When Death Sits on My Face

I went to a therapist for the first time with the intention of getting over my brother’s sudden death after trying to save him. When my father died, it hit me harder the second six months. I needed some coping skills. I wanted to expedite the process of grieving. Get over it faster.

“I know you want to move on quickly. Are you avoiding the death of your brother?” my therapist asked.

“Are you kidding me?” I said and threw my hands in the air while looking skyward. “Death is sitting on my face.”

It has taken up residency in a part of my brain and won’t move out. I would love to give it an eviction notice. Better yet, break down the door and beat the crap out of it.

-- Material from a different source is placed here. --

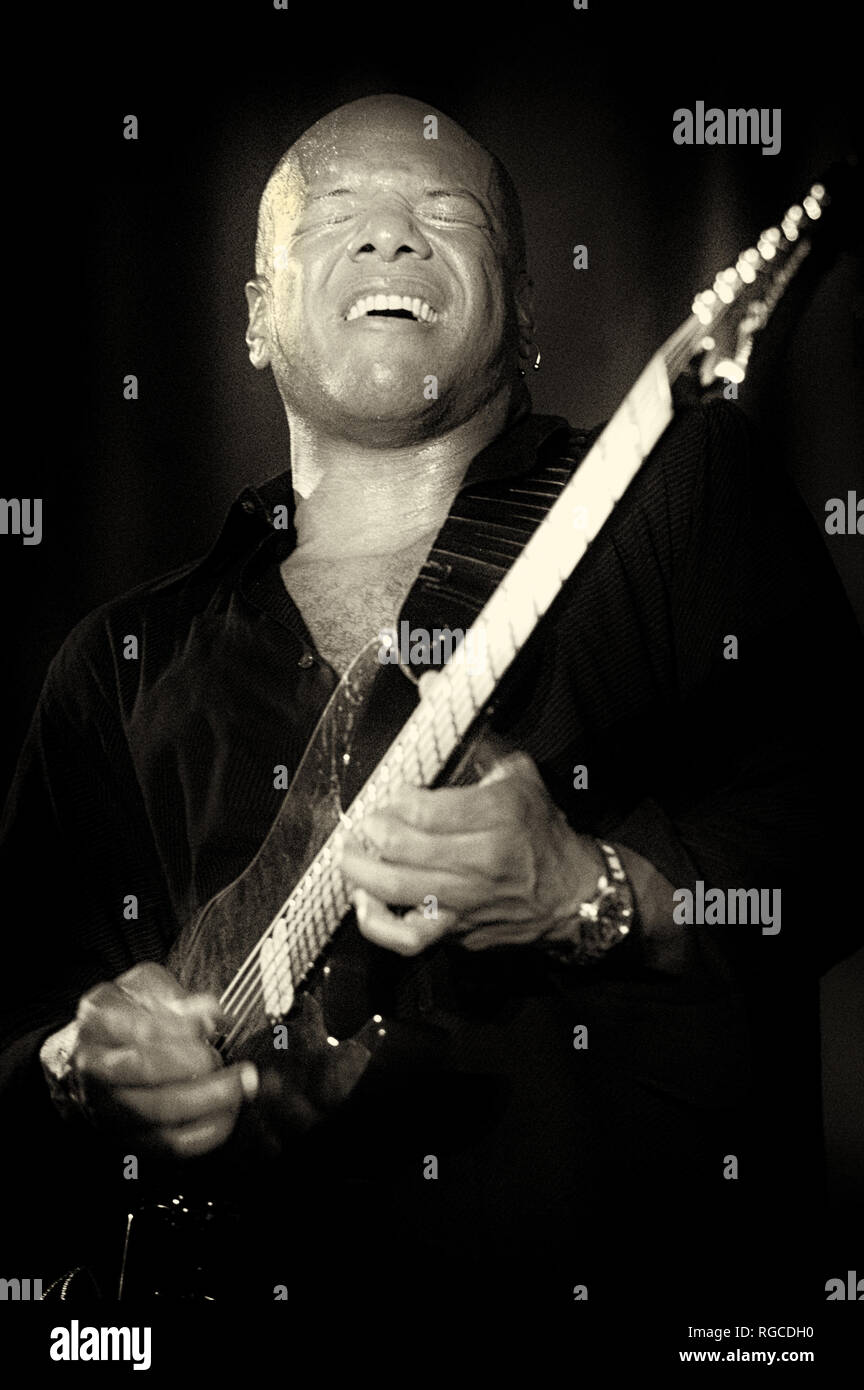 Mark Whitfield, Mark Whitfield (nacido el 6 de octubre de 1966) es un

While sprawled out in a recliner, death takes control of the remote and oozes a lens over my eyes throwing everything askew. My clouded perception warps sunny days and blows a draft through my heart. I shiver.

I’m done with death.

It’s a lying, cheating, deceitful son-of-a-bitch. I don’t want anyone to die ever again.

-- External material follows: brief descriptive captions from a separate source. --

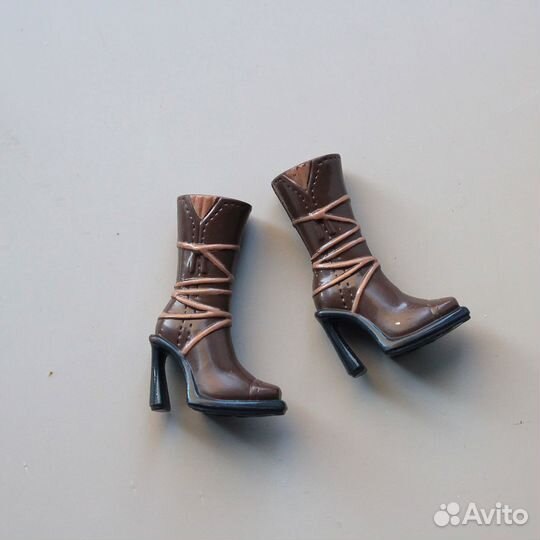 Сапоги и туфли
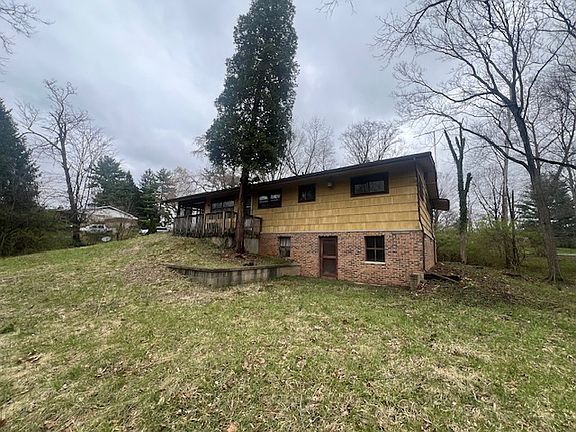 3rd image of 2281 Union Rd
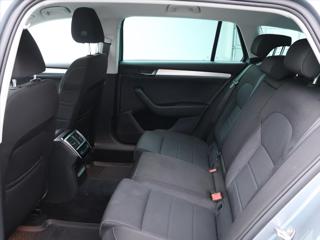 Škoda Superb 2,0 TDI 140kW DSG 4x4 CZ DPH kombi - Foto 20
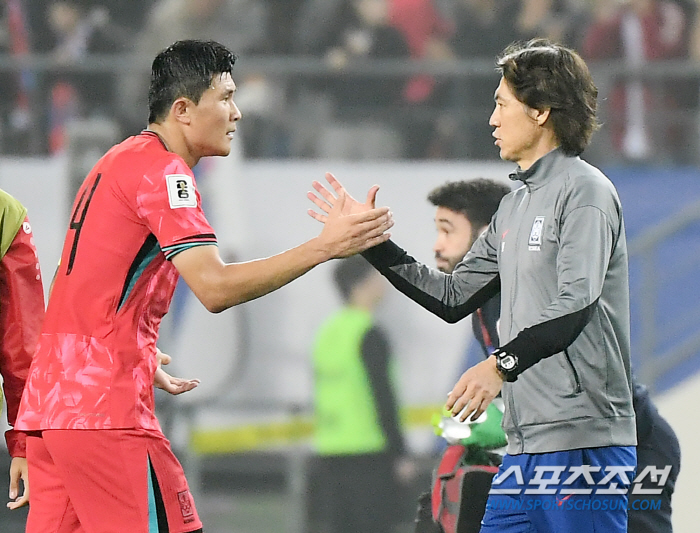 [이라크전 현장]"데뷔골→2도움→2골→2골" '작두 탄' 홍명보 감독의 …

When I told my friend, Bill Hurtley the funeral director, he laughed.

“That would be a disaster.”

I imagined airlines for the elderly and low profile nursing homes replaced by skyscrapers. Soon there would be more golden agers than any other age group.

“So what?”

It’s been a struggle. Death comes in waves. My waves are timed different than everyone else in my family. While one of us is chillin’ in the water doing the backstroke, another is drowning. It’s unpredictable.

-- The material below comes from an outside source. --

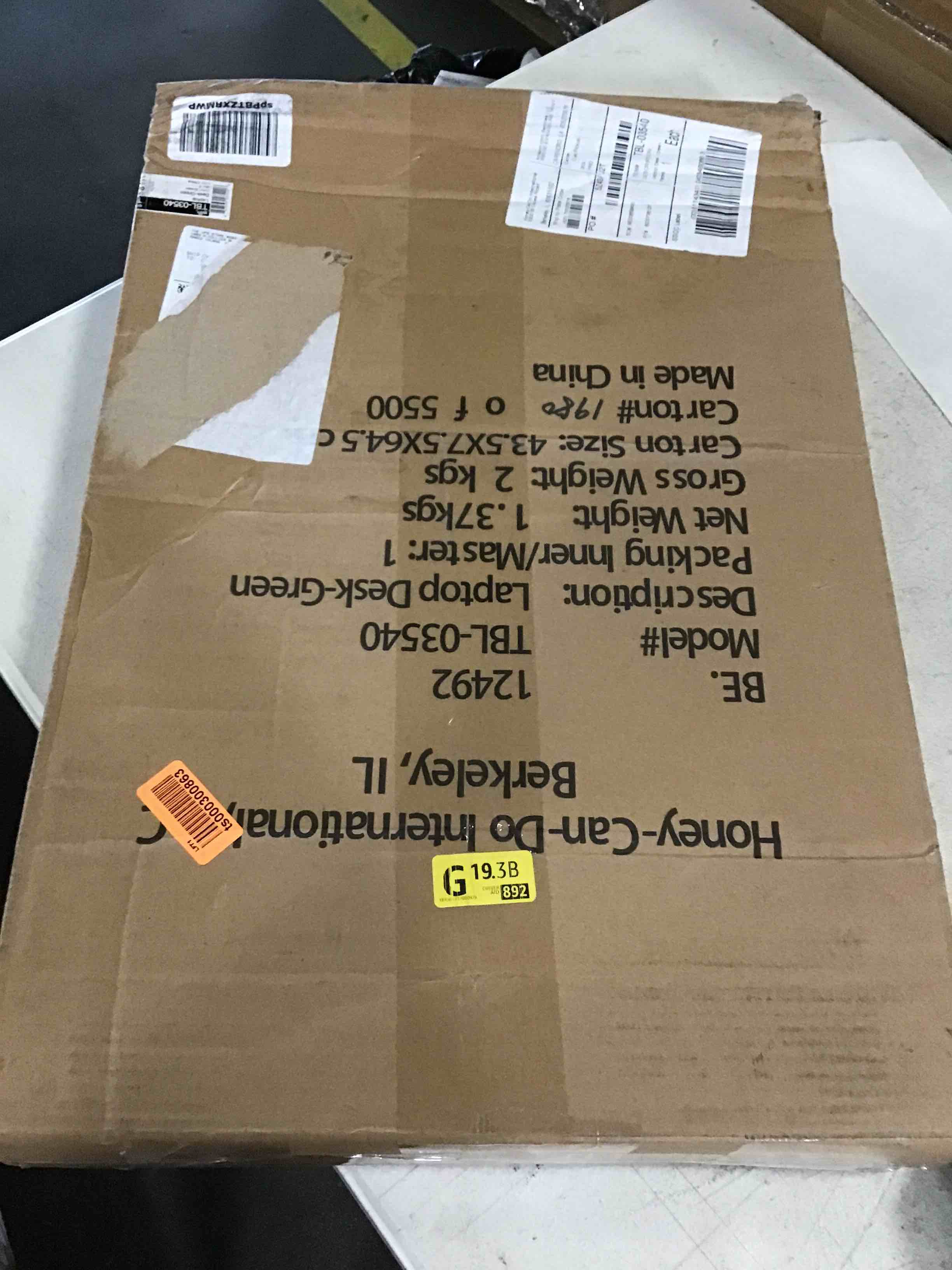 https://s3.amazonaws.com/lotting-images-prod/bidfta/RED5264894_1695146563549.jpeg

The water metaphor comes up all the time. It’s ironic how we arrived home to water pouring through the ceiling. “You should immerse yourself in death,” said my therapist. “Write about it.”

“Do I have to?” I felt like a kid who was told they couldn’t go out for recess, but had to stay inside to do homework.

Here goes:

Back in Wisconsin, I had a beautiful dream about water. I soaked in a vast infinity pool in a room where everything was covered in cream-colored marble. Gorgeous. Alone, the sound of water soothed me, although the temperature was cooler than I’d like. I stepped out and walked down endless smooth steps as a gentle waterfall trickled past my bare feet. I smiled and woke up.

I’ve had a strong desire to swim ever since. I’m desperate to wash away this broken feeling in my gut. Thoughts of baptism and rebirth keep seeping from my subconscious. Weird.

We grow strong attachments to the ones we love. When they die, it tears a part of us emotionally and physically. That feeling is real. The gouge, torn in my flesh, seems irreparable, infected, and sore. Unpredictable triggers throw salt on the open wound.

Then I imagine water pouring through me to repair the damage. I remember that feeling of walking out of the pool whole again. What was that?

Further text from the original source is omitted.